┌─ Input data
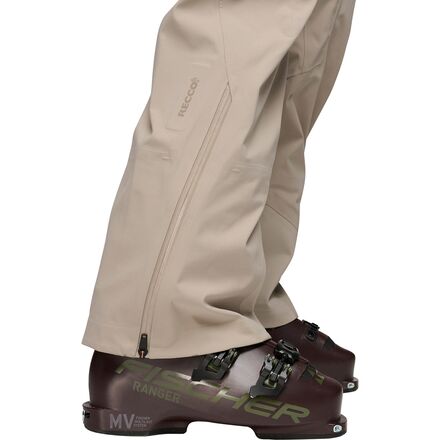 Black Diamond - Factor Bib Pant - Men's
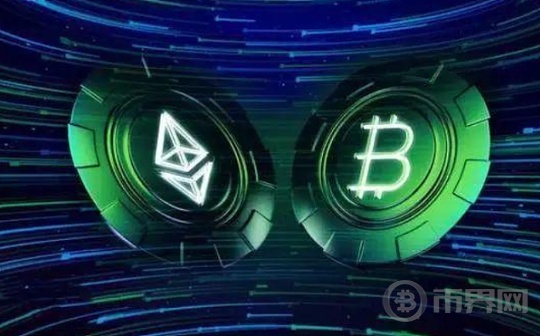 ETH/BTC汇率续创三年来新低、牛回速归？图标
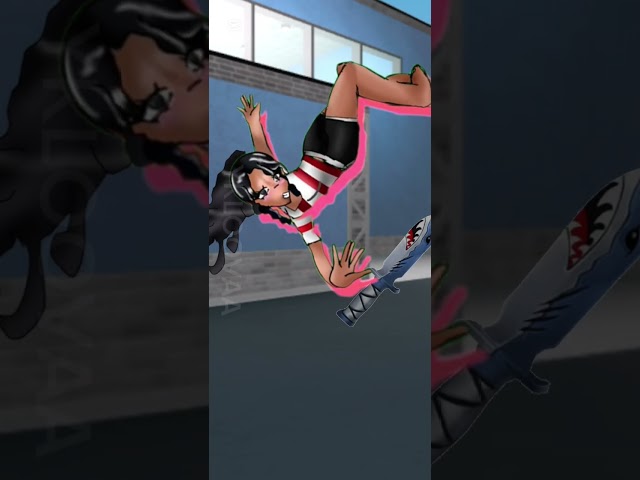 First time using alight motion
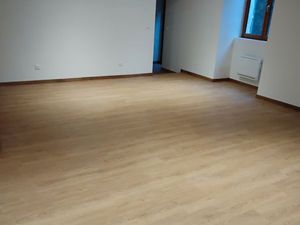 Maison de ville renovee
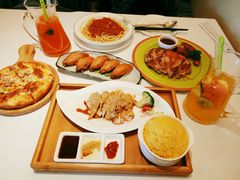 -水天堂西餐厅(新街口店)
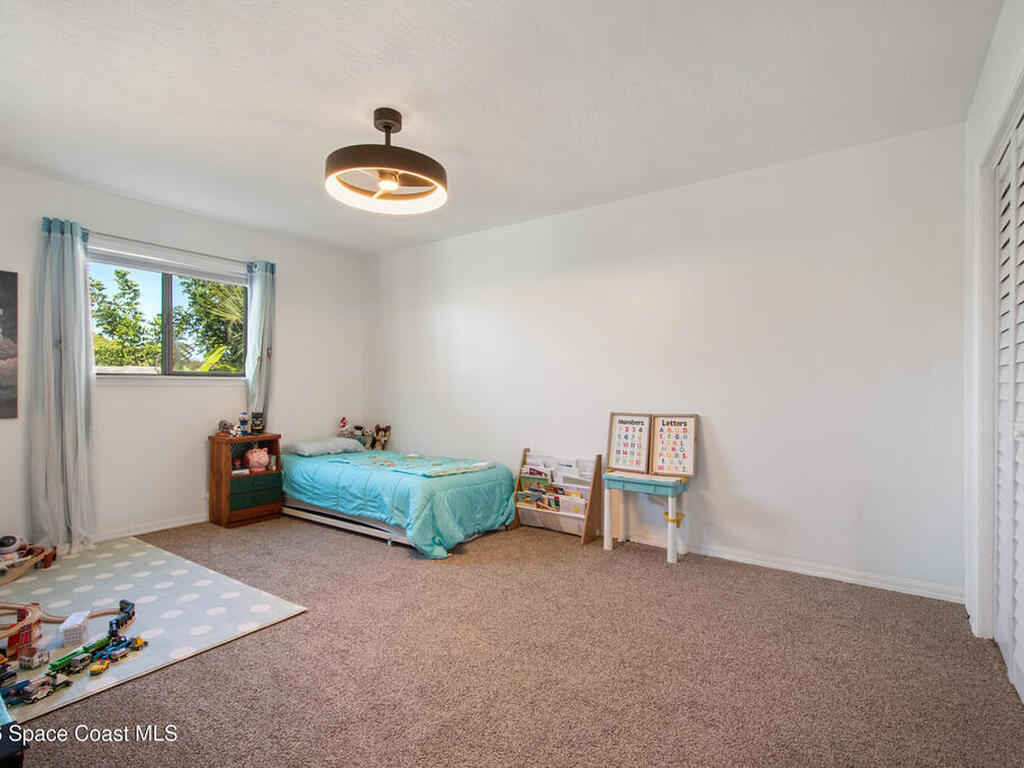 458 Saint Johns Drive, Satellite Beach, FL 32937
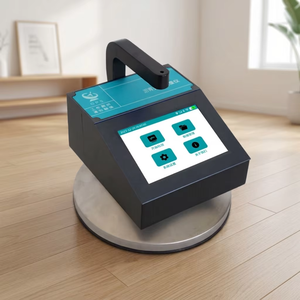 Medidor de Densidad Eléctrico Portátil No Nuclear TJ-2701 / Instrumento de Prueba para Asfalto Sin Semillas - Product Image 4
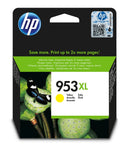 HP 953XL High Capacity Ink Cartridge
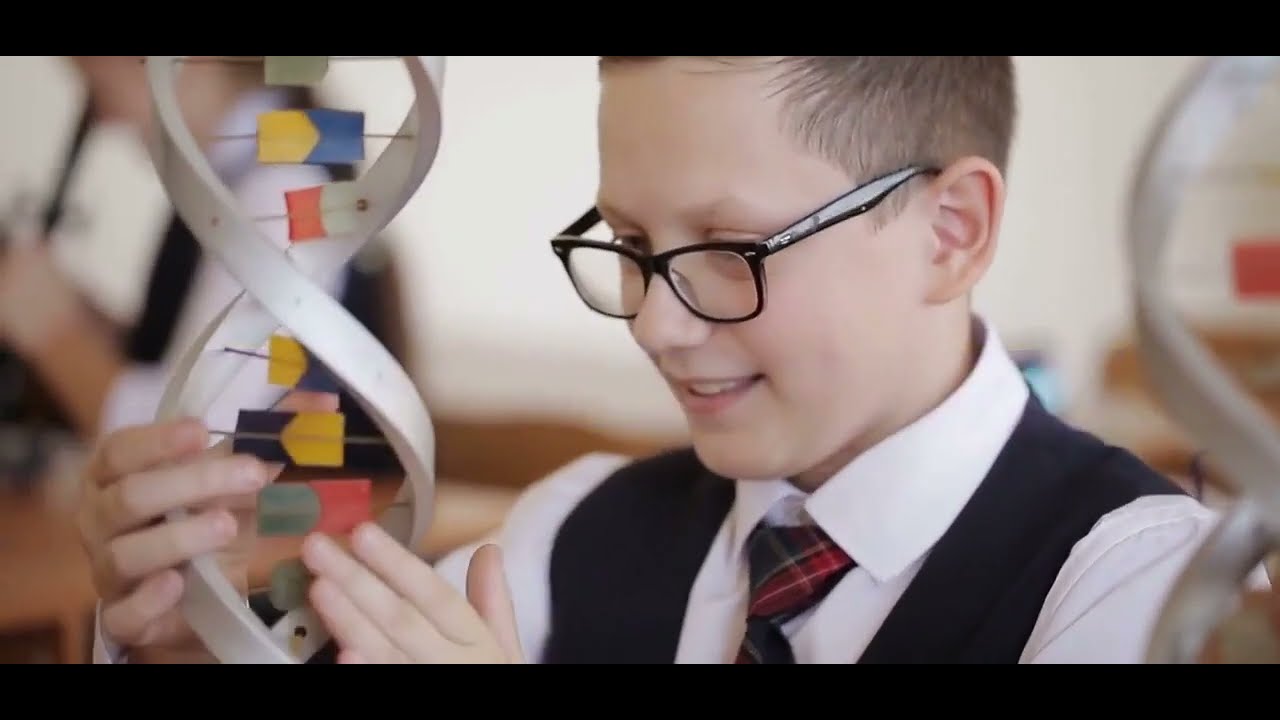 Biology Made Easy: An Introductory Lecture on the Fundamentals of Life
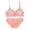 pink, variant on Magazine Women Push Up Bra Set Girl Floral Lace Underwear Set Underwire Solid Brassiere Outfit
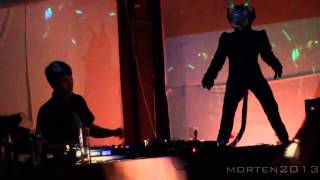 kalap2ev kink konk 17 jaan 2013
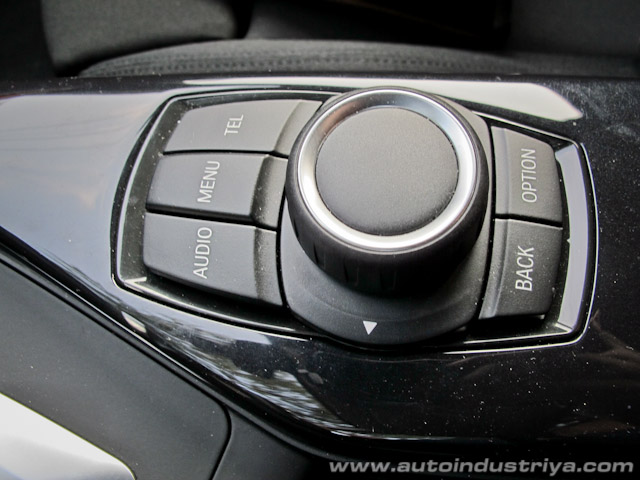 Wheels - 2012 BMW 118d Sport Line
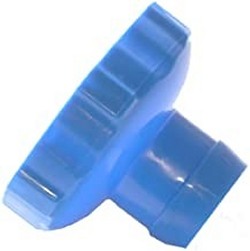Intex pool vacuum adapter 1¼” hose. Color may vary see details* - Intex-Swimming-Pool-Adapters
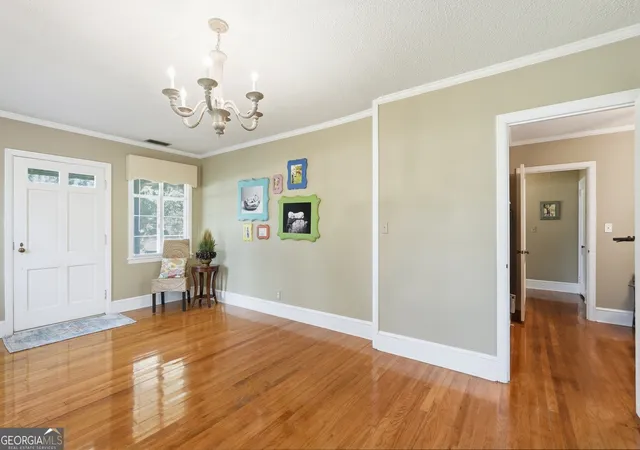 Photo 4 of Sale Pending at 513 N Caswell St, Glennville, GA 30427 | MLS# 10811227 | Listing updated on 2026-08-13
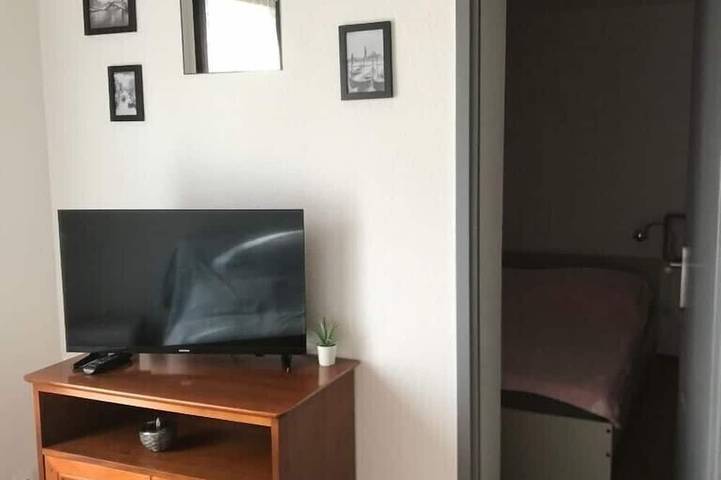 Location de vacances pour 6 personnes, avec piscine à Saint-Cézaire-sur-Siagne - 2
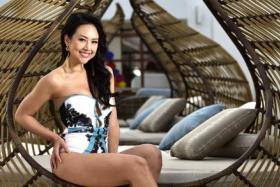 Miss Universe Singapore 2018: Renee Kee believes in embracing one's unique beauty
└─
Leave out all pictures, then copy the remaining material exactly.

Reply to the exercise:
 Black Diamond - Factor Bib Pant - Men's
 ETH/BTC汇率续创三年来新低、牛回速归？图标
 First time using alight motion
 Maison de ville renovee
 -水天堂西餐厅(新街口店)
 458 Saint Johns Drive, Satellite Beach, FL 32937
 Medidor de Densidad Eléctrico Portátil No Nuclear TJ-2701 / Instrumento de Prueba para Asfalto Sin Semillas - Product Image 4
 HP 953XL High Capacity Ink Cartridge
 Biology Made Easy: An Introductory Lecture on the Fundamentals of Life
 pink, variant on Magazine Women Push Up Bra Set Girl Floral Lace Underwear Set Underwire Solid Brassiere Outfit
 kalap2ev kink konk 17 jaan 2013
 Wheels - 2012 BMW 118d Sport Line
Intex pool vacuum adapter 1¼” hose. Color may vary see details* - Intex-Swimming-Pool-Adapters
 Photo 4 of Sale Pending at 513 N Caswell St, Glennville, GA 30427 | MLS# 10811227 | Listing updated on 2026-08-13
 Location de vacances pour 6 personnes, avec piscine à Saint-Cézaire-sur-Siagne - 2
 Miss Universe Singapore 2018: Renee Kee believes in embracing one's unique beauty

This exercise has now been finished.